Macron suspend la chasse à la glu, arbitrant pour les écologistes et contre les chasseurs


Paris, France | AFP | jeudi 27/08/2020 - Arbitrant contre les chasseurs, Emmanuel Macron a décidé jeudi de suspendre pour cette saison la chasse à la glu que dénoncent écologistes et défenseurs des oiseaux. Une première victoire pour sa nouvelle ministre de la Transition écologique Barbara Pompili.

Le chef de l'Etat a reçu mercredi le président de la Fédération nationale des chasseurs Willy Schraen, en présence de Barbara Pompili, pour lui faire part de sa décision de fixer à zéro pour cette saison le quota de chasse à la glu pour les grives et les merles - seules espèces pour lesquelles elle était autorisée.

Jusqu'ici Emmanuel Macron, qui entretient de bons rapports avec les chasseurs, avait refusé d'interdire cette pratique. Mais il s'est depuis engagé avec force à faire de l'écologie une priorité de la fin de son quinquennat.

Avec ce geste, il répond à la fois aux demandes des écologistes et aux injonctions de la Commission européenne qui, début juillet, a donné trois mois à la France pour mettre fin à cette méthode de chasse non-sélective, interdite par une directive de 2009 sauf dérogation.

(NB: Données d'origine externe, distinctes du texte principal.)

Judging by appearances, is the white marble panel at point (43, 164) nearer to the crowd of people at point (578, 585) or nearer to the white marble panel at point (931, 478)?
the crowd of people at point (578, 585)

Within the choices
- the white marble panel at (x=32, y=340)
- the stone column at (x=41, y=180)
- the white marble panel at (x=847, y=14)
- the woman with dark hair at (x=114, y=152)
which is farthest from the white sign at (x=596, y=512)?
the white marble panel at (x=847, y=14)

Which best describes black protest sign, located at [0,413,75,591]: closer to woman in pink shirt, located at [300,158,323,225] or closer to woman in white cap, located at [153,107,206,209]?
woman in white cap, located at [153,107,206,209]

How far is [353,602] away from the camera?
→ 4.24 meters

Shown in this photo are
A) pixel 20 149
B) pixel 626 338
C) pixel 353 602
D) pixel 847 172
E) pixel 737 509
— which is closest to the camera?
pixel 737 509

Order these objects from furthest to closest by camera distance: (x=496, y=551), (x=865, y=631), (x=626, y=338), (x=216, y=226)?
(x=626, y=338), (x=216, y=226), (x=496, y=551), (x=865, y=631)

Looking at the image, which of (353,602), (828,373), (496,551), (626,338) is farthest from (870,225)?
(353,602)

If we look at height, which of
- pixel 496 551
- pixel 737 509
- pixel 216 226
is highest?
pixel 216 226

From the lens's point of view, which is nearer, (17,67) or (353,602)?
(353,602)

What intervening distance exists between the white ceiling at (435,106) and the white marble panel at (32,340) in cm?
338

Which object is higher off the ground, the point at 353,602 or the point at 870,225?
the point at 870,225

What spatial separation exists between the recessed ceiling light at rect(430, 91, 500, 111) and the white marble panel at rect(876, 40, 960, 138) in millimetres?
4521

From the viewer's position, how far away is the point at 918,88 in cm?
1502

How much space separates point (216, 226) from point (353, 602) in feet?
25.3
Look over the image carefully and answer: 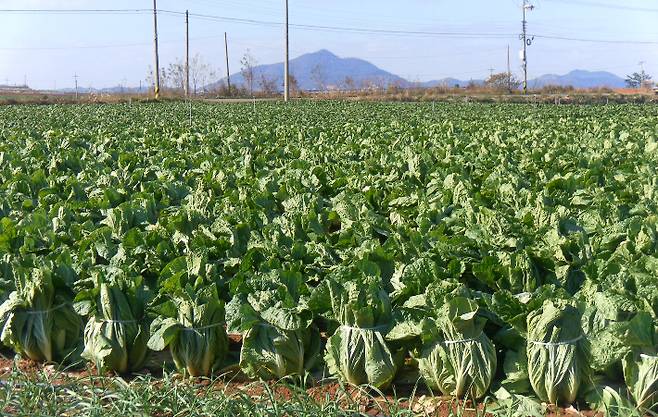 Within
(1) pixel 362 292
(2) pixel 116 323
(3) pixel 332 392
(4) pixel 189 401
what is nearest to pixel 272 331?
(3) pixel 332 392

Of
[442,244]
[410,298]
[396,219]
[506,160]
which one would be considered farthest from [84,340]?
[506,160]

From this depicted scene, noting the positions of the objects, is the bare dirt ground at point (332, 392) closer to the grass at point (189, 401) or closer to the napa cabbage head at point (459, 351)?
the grass at point (189, 401)

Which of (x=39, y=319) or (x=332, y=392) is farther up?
(x=39, y=319)

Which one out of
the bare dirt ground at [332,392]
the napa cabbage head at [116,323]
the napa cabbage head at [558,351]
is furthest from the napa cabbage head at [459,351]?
the napa cabbage head at [116,323]

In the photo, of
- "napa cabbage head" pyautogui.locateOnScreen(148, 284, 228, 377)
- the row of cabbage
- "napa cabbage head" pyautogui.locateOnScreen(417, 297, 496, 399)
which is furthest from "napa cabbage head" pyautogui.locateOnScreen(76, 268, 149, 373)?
"napa cabbage head" pyautogui.locateOnScreen(417, 297, 496, 399)

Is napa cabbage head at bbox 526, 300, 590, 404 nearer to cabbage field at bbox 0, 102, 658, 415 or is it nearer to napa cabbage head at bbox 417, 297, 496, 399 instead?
cabbage field at bbox 0, 102, 658, 415

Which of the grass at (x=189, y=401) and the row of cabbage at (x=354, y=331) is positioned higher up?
the row of cabbage at (x=354, y=331)

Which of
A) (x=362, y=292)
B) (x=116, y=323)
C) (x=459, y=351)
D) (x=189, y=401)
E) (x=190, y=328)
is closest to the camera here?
(x=189, y=401)

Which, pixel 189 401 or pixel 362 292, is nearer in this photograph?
pixel 189 401

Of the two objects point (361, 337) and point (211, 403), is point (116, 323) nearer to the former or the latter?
point (211, 403)

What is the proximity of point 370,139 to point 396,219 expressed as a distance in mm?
9164

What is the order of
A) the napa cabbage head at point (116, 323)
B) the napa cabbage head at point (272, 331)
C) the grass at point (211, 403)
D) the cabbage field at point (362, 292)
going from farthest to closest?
the napa cabbage head at point (116, 323) → the napa cabbage head at point (272, 331) → the cabbage field at point (362, 292) → the grass at point (211, 403)

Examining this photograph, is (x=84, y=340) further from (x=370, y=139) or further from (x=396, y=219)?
(x=370, y=139)

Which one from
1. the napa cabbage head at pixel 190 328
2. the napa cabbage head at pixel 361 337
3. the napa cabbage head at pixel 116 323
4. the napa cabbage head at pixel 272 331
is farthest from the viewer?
the napa cabbage head at pixel 116 323
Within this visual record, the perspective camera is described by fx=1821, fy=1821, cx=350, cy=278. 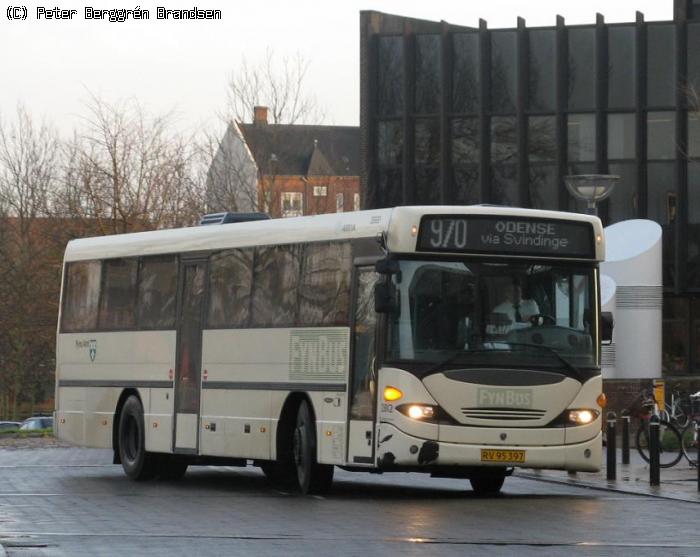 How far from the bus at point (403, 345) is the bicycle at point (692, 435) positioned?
613cm

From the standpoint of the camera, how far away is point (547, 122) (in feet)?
177

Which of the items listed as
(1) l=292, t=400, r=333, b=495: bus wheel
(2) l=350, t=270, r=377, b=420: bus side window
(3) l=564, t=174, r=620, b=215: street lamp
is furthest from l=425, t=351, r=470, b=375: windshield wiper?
(3) l=564, t=174, r=620, b=215: street lamp

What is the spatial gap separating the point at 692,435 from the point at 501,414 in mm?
10220

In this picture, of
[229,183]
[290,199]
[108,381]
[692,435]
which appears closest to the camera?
[108,381]

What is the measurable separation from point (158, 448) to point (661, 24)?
111 feet

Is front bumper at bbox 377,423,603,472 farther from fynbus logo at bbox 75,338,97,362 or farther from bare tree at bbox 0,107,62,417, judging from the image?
bare tree at bbox 0,107,62,417

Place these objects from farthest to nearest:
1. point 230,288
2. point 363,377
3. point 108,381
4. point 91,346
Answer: point 91,346, point 108,381, point 230,288, point 363,377

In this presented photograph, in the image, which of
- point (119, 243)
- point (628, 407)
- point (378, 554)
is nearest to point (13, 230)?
point (628, 407)

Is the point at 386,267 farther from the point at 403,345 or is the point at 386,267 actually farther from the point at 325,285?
the point at 325,285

L'Elysée explique que cette suspension, une première en France, a été décidée dans l'attente de la réponse de la Cour de justice de l'UE, saisie fin 2019 par le Conseil d'Etat pour qu'elle précise si la directive "Oiseaux" de 2009 permet d'autoriser la capture à la glu de certaines espèces d'oiseaux sauvages. 

Le chef de l'Etat a en revanche décidé de maintenir les quotas des autres chasses traditionnelles, dont celui des tourterelles des bois, quasiment inchangé à 17.460 oiseaux, dont les associations réclament également l'interdiction de chasse.

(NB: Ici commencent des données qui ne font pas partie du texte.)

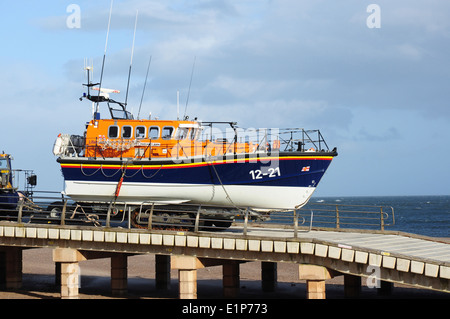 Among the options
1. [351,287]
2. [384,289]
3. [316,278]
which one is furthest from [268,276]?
[316,278]

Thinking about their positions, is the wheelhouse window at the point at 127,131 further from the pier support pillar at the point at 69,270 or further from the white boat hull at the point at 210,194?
the pier support pillar at the point at 69,270

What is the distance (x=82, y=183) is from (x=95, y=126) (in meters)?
2.26

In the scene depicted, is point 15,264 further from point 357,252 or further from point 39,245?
point 357,252

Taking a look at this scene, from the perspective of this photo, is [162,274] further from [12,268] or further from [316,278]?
[316,278]

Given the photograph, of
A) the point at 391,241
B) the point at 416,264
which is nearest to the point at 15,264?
the point at 391,241

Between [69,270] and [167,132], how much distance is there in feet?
19.9

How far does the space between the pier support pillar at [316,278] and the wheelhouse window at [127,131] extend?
9.15 meters

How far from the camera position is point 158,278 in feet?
88.0

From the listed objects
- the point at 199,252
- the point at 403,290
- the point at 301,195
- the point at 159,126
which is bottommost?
the point at 403,290

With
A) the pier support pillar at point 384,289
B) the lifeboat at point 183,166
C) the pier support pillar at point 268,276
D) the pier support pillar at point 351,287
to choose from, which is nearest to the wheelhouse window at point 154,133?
the lifeboat at point 183,166

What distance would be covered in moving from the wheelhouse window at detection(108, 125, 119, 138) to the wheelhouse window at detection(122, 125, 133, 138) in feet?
0.85

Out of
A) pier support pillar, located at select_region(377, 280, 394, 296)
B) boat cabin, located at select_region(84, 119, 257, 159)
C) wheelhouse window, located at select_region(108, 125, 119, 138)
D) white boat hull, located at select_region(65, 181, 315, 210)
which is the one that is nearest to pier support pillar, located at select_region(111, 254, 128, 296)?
white boat hull, located at select_region(65, 181, 315, 210)

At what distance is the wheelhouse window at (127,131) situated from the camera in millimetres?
25188

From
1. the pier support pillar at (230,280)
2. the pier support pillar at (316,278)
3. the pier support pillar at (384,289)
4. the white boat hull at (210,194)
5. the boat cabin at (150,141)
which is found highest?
the boat cabin at (150,141)
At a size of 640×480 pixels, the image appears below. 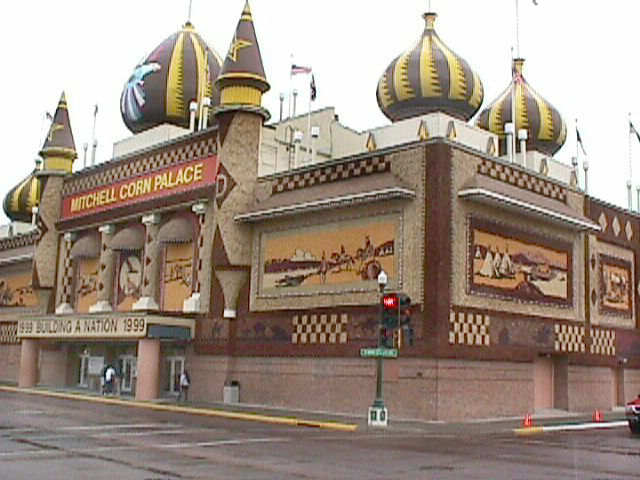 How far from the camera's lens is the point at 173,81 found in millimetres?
43938

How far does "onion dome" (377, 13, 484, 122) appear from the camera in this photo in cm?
3794

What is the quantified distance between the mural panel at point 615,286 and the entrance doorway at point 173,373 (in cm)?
2015

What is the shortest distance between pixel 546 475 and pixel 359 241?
18417mm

- "Les chasseurs sauront s'en souvenir !" -
 
La France est le dernier pays européen à autoriser la chasse à la glu, seulement dans cinq départements du sud-est (Alpes-de-Haute-Provence, Alpes-Maritimes, Bouches-du-Rhône, Var et Vaucluse). 

Cette méthode consiste à piéger des oiseaux sur des tiges enduites de colle. Les petits oiseaux ainsi capturés sont mis en cage et servent, en chantant, à en attirer d'autres pour les chasseurs. 

Le 2 juillet, la Commission a de nouveau demandé à la France de mettre fin à "la chasse illégale", pointant du doigt la chasse à la glu et aux filets, pour les alouettes.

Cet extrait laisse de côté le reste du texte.